Fateless (2005) - Based on the novel by Nobel Prize winning author Imre Kertész and directed by Academy Award winning director of photography Lajos Koltai. Fateless tells the gripping story of a Hungarian Jewish boy who volunteers to go to a concentration camp during World War II, convinced that his life will be safer there. In 2005 the Oscar Nomination Board selected Fateless as an official nominee for Best Foreign Language Film.

Johanna (2005) by Kornél Mundruczó - A musical interpretation of the Passion of Joan of Arc, Johanna was selected as ‘Un Certain Regard at Cannes’ in 2005.

Being Julia (2004) by Academy Winner István Szabó - Telling the story of a great actress who, at an important crossroads in her life, must figure out her role, both onstage and off.

The Unburied Man (2004) by Márta Mészáros - A profile of Hungary's 1956 martyr Prime Minister Imre Nagy.

Kontroll (2003) by Antal Nimród - An action thriller set entirely in the grungy stations and dark tunnels of Budapest’s subway system. The film received several awards, including ‘Best Director’ at the 2004 Copenhagen International Film Festival, ‘Le Prix de La Jeunesse’ at the 2004 Cannes Film Festival and ‘Best Foreign Language Film’ at the 2004 Chicago International Film Festival.

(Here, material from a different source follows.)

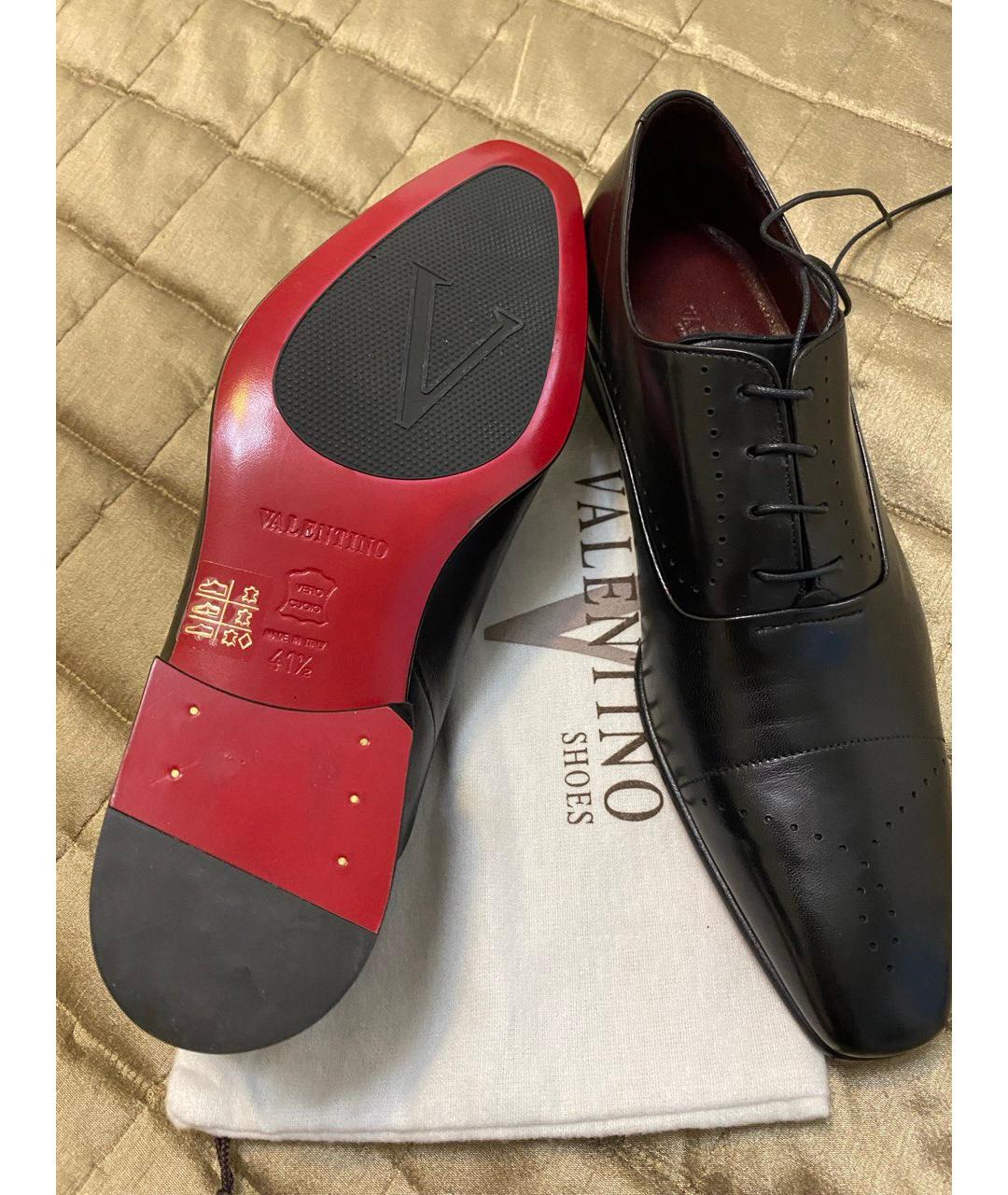 VALENTINO Черные кожаные туфли, фото 5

If you are interested in the movie industry, take a day trip to Etyek and visit the Korda Filmpark for revealing guided tours on filmmaking.


You are reading: Hungarian Cinema
Posted in: Budapest Blog & Articles  Category: Arts & Culture, Hungarian History, Made in Hungary

tags: entertainment famous hungarians

  1. Pomy Collingwood opines:

    The problem’s one thing: there R only art and boring comedy movies coming out of this place (Hungary); Hungarian writers / directors are uncapable to make something good. Watchable by the Target Audience which would be me and me-sorta-guys who just wanna kill 90 minutes and coming outta the movie-theater with a good thrill or any buzz! I can suggest two cool movies made home tho’: 1 - Macskafogó This is an animated film from ‘86 and legend say that it is released in the US and Canada as well. The English title is Cat City. I saw one cover picture but not one frame of it, so I’m unsure if it’s exists… 2 - Indul a bakterház Prob’ly ya can get your hands on this really funny ol’school film with subtitles if you’re lucky, I doubt that it came out dubbed though. Have fun!

  2. Roberta Gyori responds:

    @Pomy Collingwood - Thanks for your note. Both the Macskafogó and Indul a bakterház are amongst my favorites too.